Ok this header is a mouthful, so reread it and hear me out. This one is best understood in the converse - non-native English speakers are nearly guaranteed to have an experience where they communicate in English to someone else who is also a non-native speaker. French people speaking to Germans, Koreans conversing with Filipinos, Egyptians talking to Kenyans - there is nothing fantastical about these dialogues taking place in English. It is a daily rite of our global economy.

For native English speakers, this is a rarity, even those who learn other languages. How often does an American who speaks German come across someone who is not a native German speaker, but speaks German better than they speak English? Maybe in parts of Central Europe, but it's a rarity.  So sure, learners of Spanish may find it useful in Brazil, and learners of French in Algeria and learners of Mandarin in Xinjiang. But from my conversations, many Americans who know a foreign language well have literally never had this experience, whereas every non-Native English speaker I've ever met has had this experience.

Lastly, I'd add that this is not just a neat trivial notion. Conversations where both speakers are handicapped can be really interesting - both speakers may find themselves grappling for the right word and journeying together towards it.
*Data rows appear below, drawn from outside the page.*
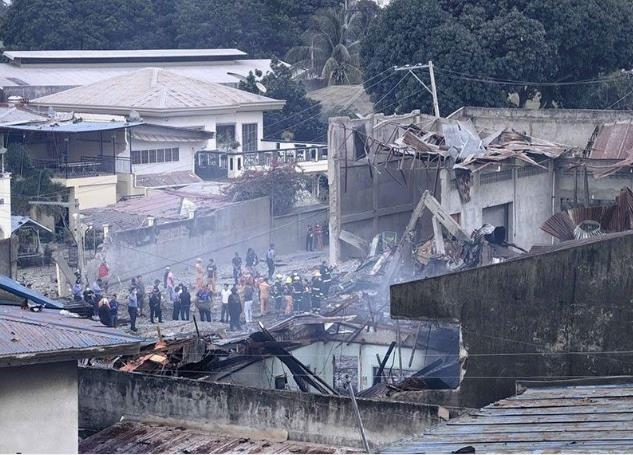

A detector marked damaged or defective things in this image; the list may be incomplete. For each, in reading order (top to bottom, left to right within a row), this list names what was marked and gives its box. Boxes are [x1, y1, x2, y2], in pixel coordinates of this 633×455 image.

rusty corrugated roof [592, 121, 633, 160]
broken wall [328, 112, 436, 264]
rusty corrugated roof [0, 304, 141, 366]
broken wall [390, 233, 633, 408]
cracked concrete wall [390, 232, 633, 410]
rusty corrugated roof [78, 422, 360, 454]
broken wall [79, 366, 442, 448]
cracked concrete wall [79, 366, 442, 448]
rusty corrugated roof [380, 382, 633, 452] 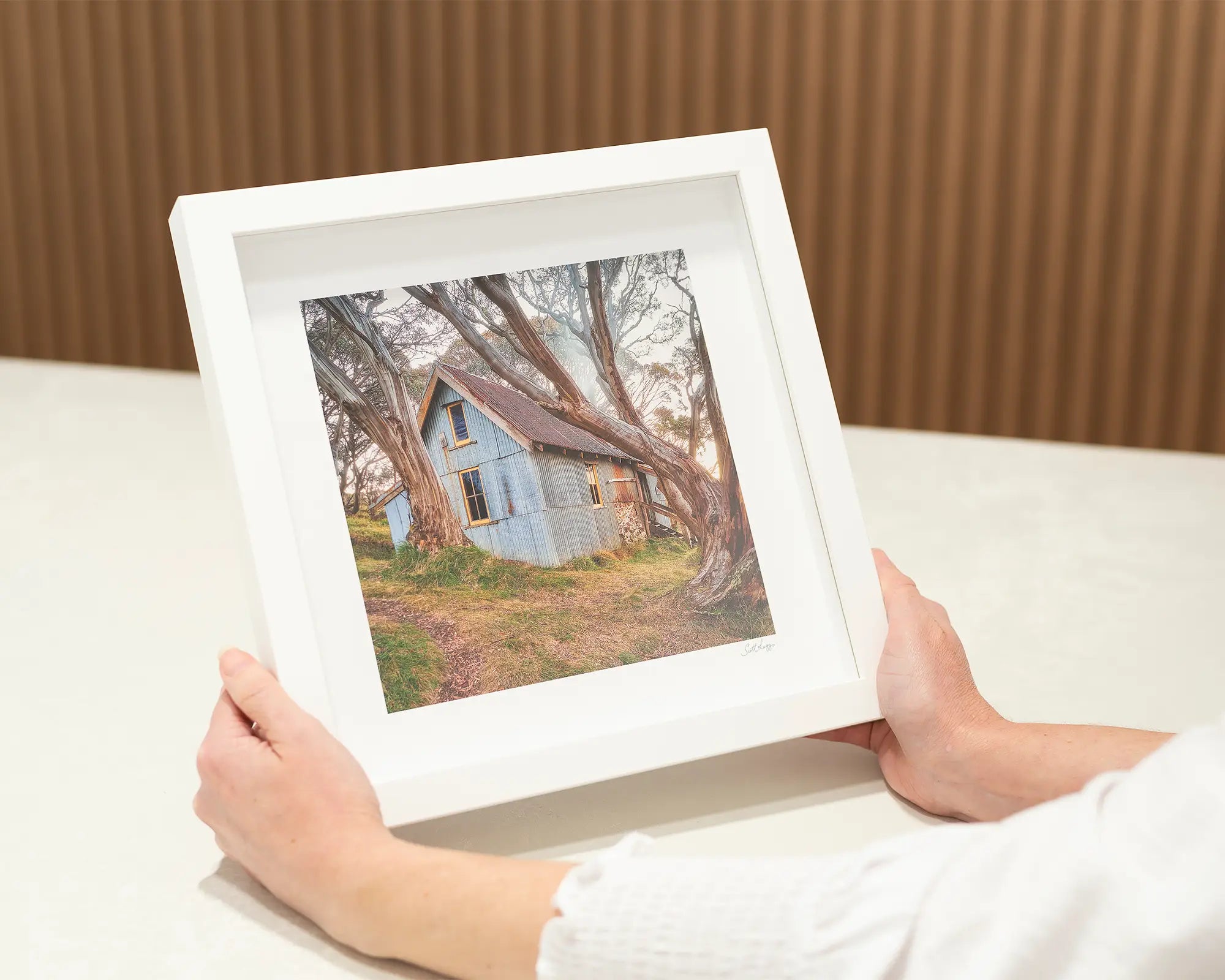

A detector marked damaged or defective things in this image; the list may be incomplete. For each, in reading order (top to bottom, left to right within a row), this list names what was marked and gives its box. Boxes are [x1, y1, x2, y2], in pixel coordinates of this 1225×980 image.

rusty corrugated metal roof [434, 365, 642, 461] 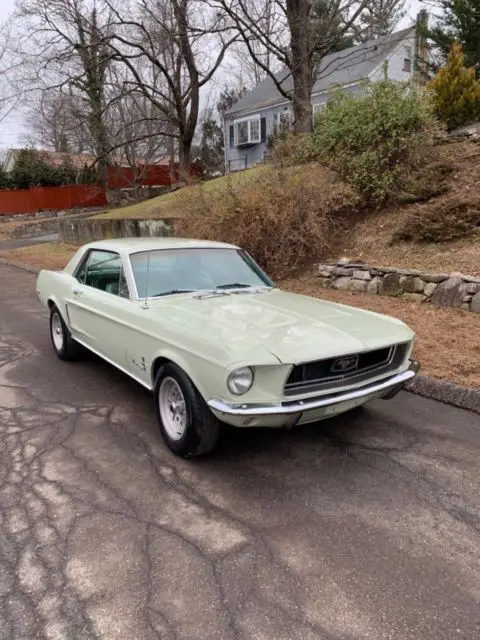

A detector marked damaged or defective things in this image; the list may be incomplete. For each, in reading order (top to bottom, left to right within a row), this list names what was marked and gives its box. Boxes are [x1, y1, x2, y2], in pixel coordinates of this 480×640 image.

cracked pavement [0, 262, 478, 636] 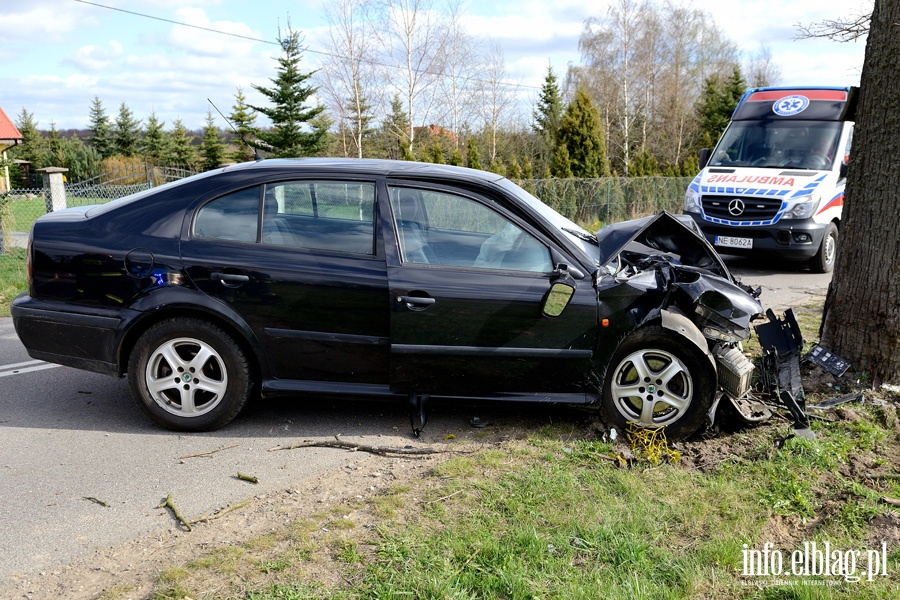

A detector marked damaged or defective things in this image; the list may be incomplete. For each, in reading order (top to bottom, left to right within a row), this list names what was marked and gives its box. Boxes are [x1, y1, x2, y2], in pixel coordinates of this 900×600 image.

crumpled hood [596, 211, 732, 278]
crashed front end [596, 213, 768, 428] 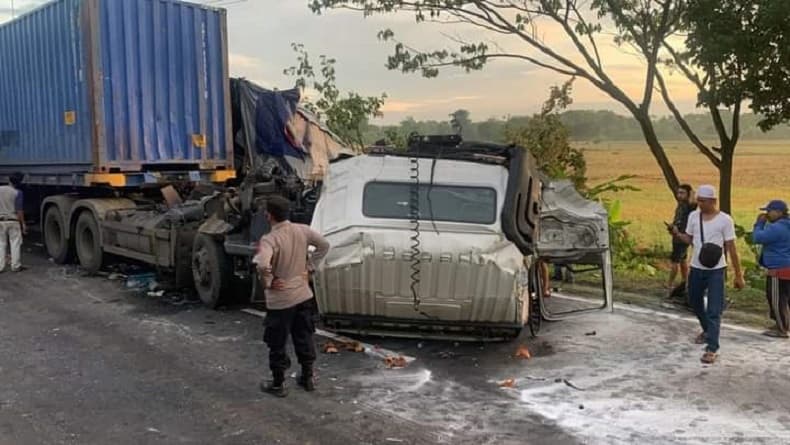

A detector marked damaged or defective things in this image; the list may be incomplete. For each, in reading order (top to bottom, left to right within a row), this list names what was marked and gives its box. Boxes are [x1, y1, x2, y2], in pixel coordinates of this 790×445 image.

damaged truck cab [310, 137, 544, 338]
overturned white vehicle [312, 137, 616, 338]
Humor and sarcasm get tricky when relative cultural markers are thrown off by the neutral language setting. Enough practice in these settings can greatly improve one's general communication skills. This is a significant aspect of the human experience that someone may never experience simply by being born in an English speaking country.
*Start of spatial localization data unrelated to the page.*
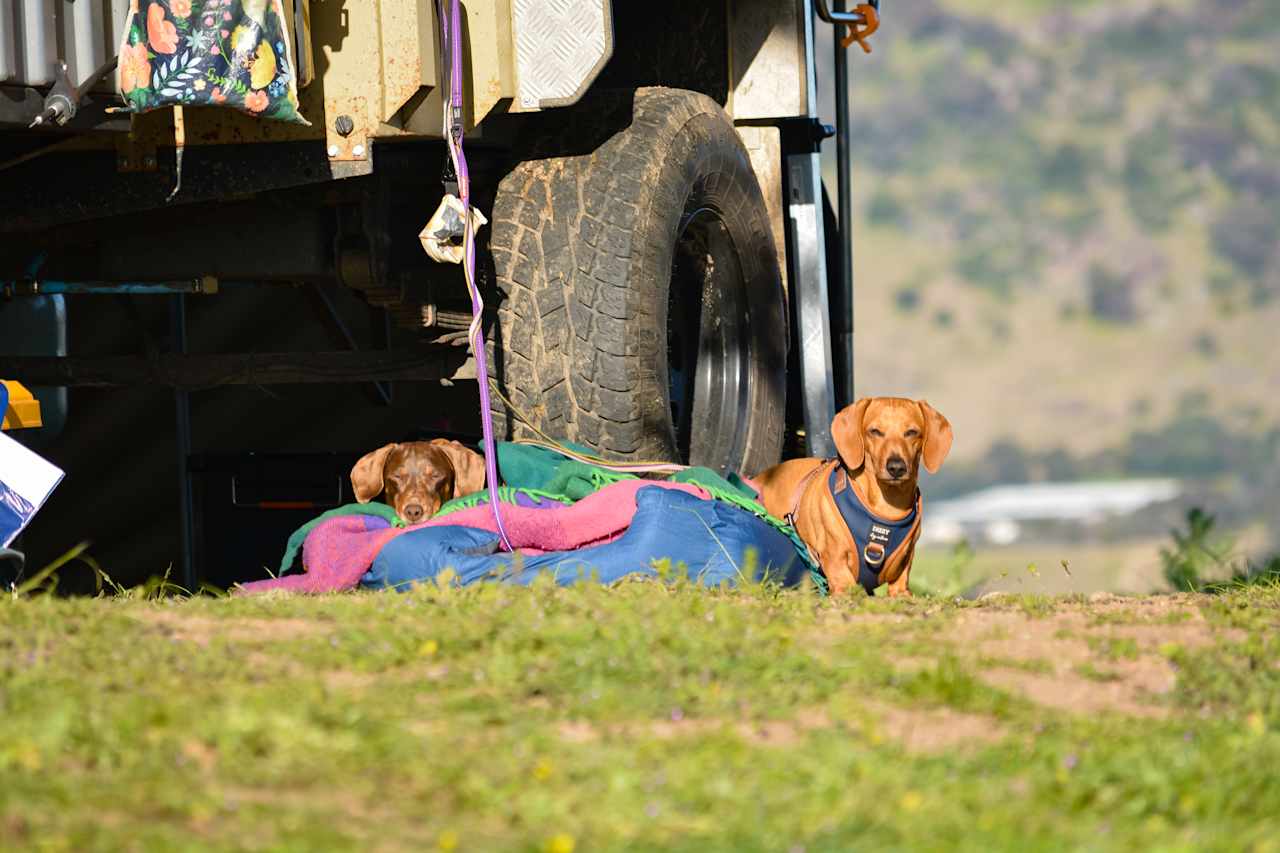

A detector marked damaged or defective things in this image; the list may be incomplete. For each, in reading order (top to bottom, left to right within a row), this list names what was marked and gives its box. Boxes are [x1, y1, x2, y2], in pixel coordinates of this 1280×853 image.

rusted 4x4 vehicle [0, 0, 876, 580] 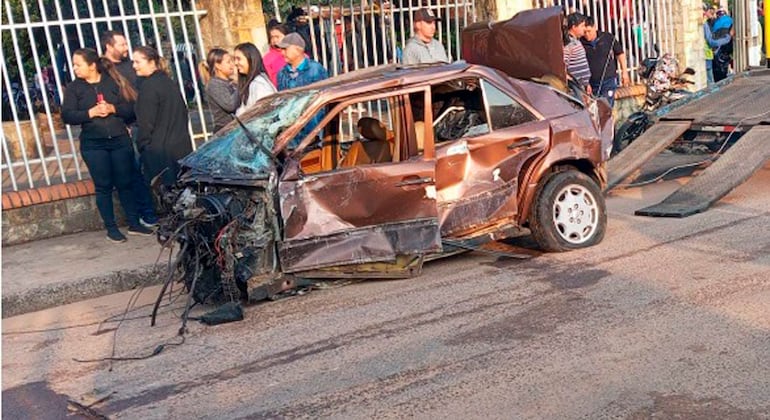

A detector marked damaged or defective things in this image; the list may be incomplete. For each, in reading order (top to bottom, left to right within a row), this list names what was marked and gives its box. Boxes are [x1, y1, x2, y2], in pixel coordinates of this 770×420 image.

crushed car hood [462, 6, 564, 84]
shattered window [181, 91, 318, 178]
wrecked brown car [158, 8, 612, 304]
shattered window [480, 80, 536, 130]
4. There are many second language varieties of English
Every language spanning more than a village will have its accents, but few languages have the global and political baggage of English. One result of this is that full populations have gone from speaking their own language to creating a unique variety of English. This occurred with Gaelic languages in Ireland, Wales and Scotland, with Bantu languages across Eastern and Southern Africa, and the Indo-Aryan and Dravidian languages in South Asia. The English accents spoken in these areas have their roots in second language acquisition, and many grammatical and phonetic traits remain, even amongst modern native English users who do not speak the substrate language. For example, many people in Ireland who do not speak Irish pronounce the "th" in "think" as a dental "t" like "tink". This example embodies an interesting linguistic greyzone - the speaker appears to have phonetic rules from another language interfering with their pronunciation of English, but the speaker does not speak any other language.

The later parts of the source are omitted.